In order to test the quality and consistency of a keyboard, we are using a texture analyzer that is programmed to measure and display the actuation force of the standard keyboard keys. By measuring the actuation force of every key, the quality and consistency of the keyboard can be quantified. It can also reveal design issues, such as the larger keys being far softer to press than the main keys of the keyboard. The actuation force is measured in Centinewton (cN). Some companies use another figure, gram-force (gf). The conversion formula is 1 cN = 1.02 gf (i.e. they are about the same). A high-quality keyboard should be as consistent as possible, with an average actuation force as near to the manufacturer's specs as possible and a disparity of less than ±10%. Greater differences are likely to be perceptible by users. It is worth noting that there is typically variance among keyboards, although most keyboard companies will try and maintain consistency - as with other reviews, we're testing our sample only.

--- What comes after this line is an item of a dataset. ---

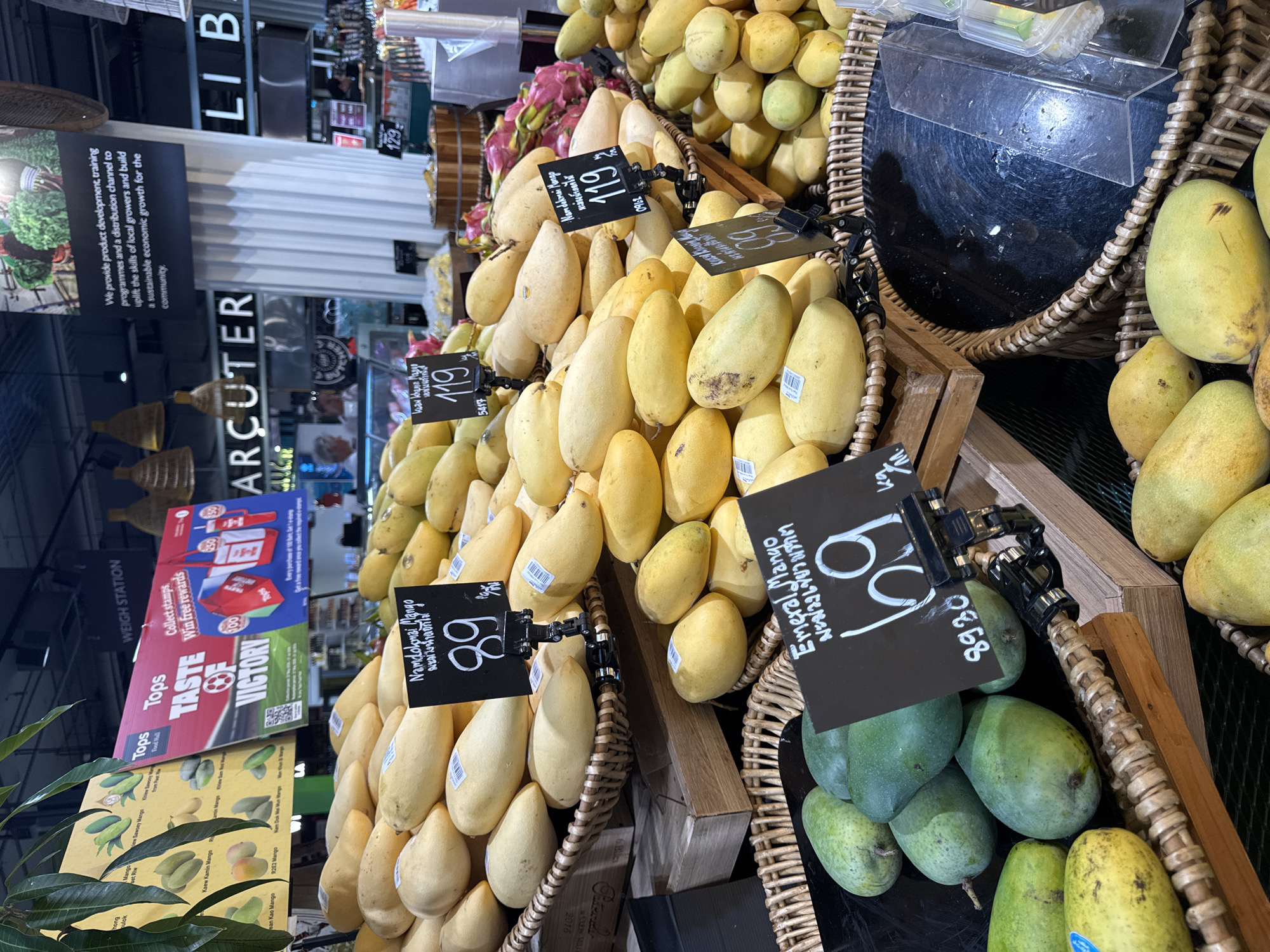 This is a medium shot, eye-level, outdoor photograph taken in the city of Baan Chaweng, Thailand. The scene is a fruit stand, likely within a market or grocery store. The foreground is dominated by a large display of yellow mangoes, arranged in woven baskets. Several price signs are visible, one indicating "Nam Dok Mai Mango" with a price of "89". Another sign displays "Emerald Mango" with a price of "69". In the background, more mangoes are visible, along with a glimpse of dragon fruit and other produce. Signs with promotional information and branding, such as "Tops" and "WEIGH STATION," are also present. The overall lighting suggests a well-lit environment, possibly with artificial lighting from the store. No people are clearly visible in the frame.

The machine we use for our testing is accurate enough to provide readings with a resolution of 0.1 cN. For wider keys (e.g. Enter, Space Bar, etc.), the measurement is taking place at the center of the key, right above the switch. Note that large keys generally have a lower actuation force even if the actuation point is at the dead center of the key. This is natural, as the size and weight of the keycap reduce the required actuation force. For this reason, we do display the force required to actuate every key but we only use the results of the typically sized keys for our consistency calculations. Still, very low figures on medium sized keys, such as the Shift and Enter keys reveal design issues and can easily be perceptible by the user.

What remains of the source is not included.